Motorsports photographer Drew Gibson has had a long career shooting high-octane action. A freelance photographer for over a decade, London-based Drew is best known for his automotive and endurance racing images. He's worked for car manufacturers such as Bentley and Aston Martin, as well as Top Gear, Goodwood Revival and several racing teams.
When he was commissioned by Ford Motor Company to shoot its GT cars speeding around the world-famous Spa-Francorchamps circuit in Stavelot, Belgium, there were a few catches – he had just 20 minutes to get the shot, and none of the engines would be running.
Here, he shares the story behind his favourite shot, giving a behind-the-scenes glimpse of what it's like to work for a major racing car manufacturer.
Drew took this image in April 2016 for the Ford GT team. His brief was to provide creative images to meet the team's demands for social media, sponsors and marketing.
With the entire Spa-Francorchamps circuit to play with, Drew wanted to shoot in a recognisable and engaging location. "The photo was taken at a part of the circuit known as Eau Rouge," he says. "It's one of the most iconic sections of track in the world, which made it an obvious choice for the photo's location."
Spa-Francorchamps is well known for its extremely changeable weather, so Drew was relieved to see clear skies. "Shooting in April was great, as the sun doesn't get that high in the sky and it sets fairly early in the day," he continues. "We shot late in the afternoon, at around 5pm, but the sun was still low enough to give contrasting shadows and strong colours.
"I was lucky that the sun was pretty much in the perfect position, just to the right of the car – it wasn't casting shadows of the camera or shining straight down the lens. I'd love to say this was planned but it was more luck dictated by the time slot."
Drew's main challenge was to get the photo within the time allocated. Trying to find a suitable time slot meant working around the cars as they were being prepared for practice and qualifying sessions, as well as the race itself.
"Race weekends are so busy and additional activities such as photography eat into the team's schedule," says Drew. "The race organisers gave us just half an hour to get the cars on the track, shoot them, and get them back to the pits. I had a plan, and I was as prepared as I could be."
Taking into account moving the vehicles, this gave Drew just 20 minutes of shooting time – with no margin for error. Selecting the right equipment for the job – kit he knew he could rely on – Drew chose a Canon EOS 5D Mark III with an ultra wide-angle Canon EF 17-40mm f/4L USM zoom lens.
"I normally take my racing shots on the Canon EOS-1D X Mark II (now succeeded by the Canon EOS-1D X Mark III) but this is a bit heavy to mount onto cars, so I used the Canon EOS 5D Mark III which is much lighter and creates a beautiful image," says Drew. "I prefer to shoot with prime lenses, but a 14mm is too wide for this sort of picture and a 24mm isn't wide enough.
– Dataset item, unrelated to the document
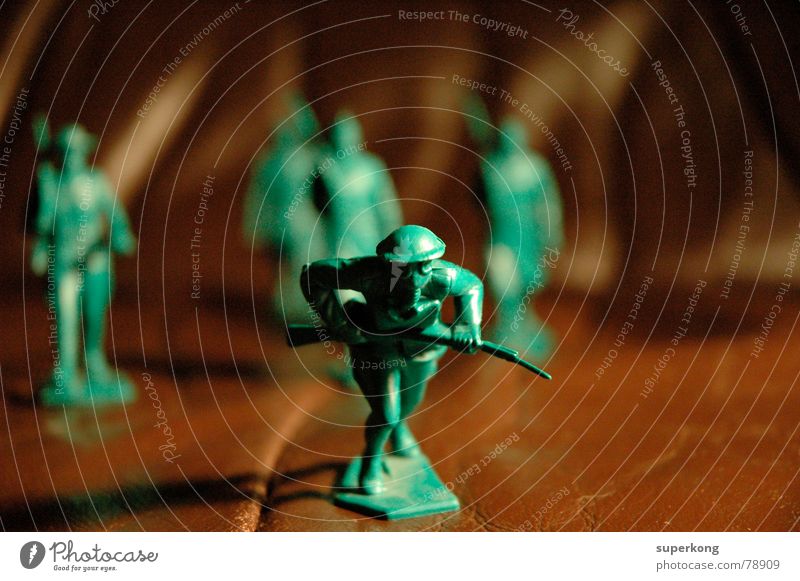 004 Soldat Krieg grün braun Leder Wehrdienst Kriegsgott Spielzeug Krieger Kunst Kunsthandwerk kriegstrompete Hass zinnsoldaten Mars dienst am vaterland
The Canon EF 17-40mm f/4L USM lens gives me more flexibility and also means I only need one filter size to span the focal length range."
We removed the right-hand door on the lead car and one hardy mechanic ducked down and pushed the car on his own.
When it came to setting up his camera on the GT car itself, Drew used a suction mount rather than a boom arm on the roof of the car. Many photographers use a boom arm, but it's not Drew's preferred way of working because of the amount of editing required to remove it in post-production.
He had originally planned to mount the Canon EOS 5D Mark III onto the rear wing of the racing car, but had to change his plans at the last minute. "It wouldn't suction onto the rear wing as I'd hoped," he says. "I had to think on my feet and mount the camera further forward, which is why the rear wing is not in the frame. This isn't how I'd planned it, but I think it really helped with the composition. The wide-angle lens distorts the sleek body of the GT rather than the big square wing."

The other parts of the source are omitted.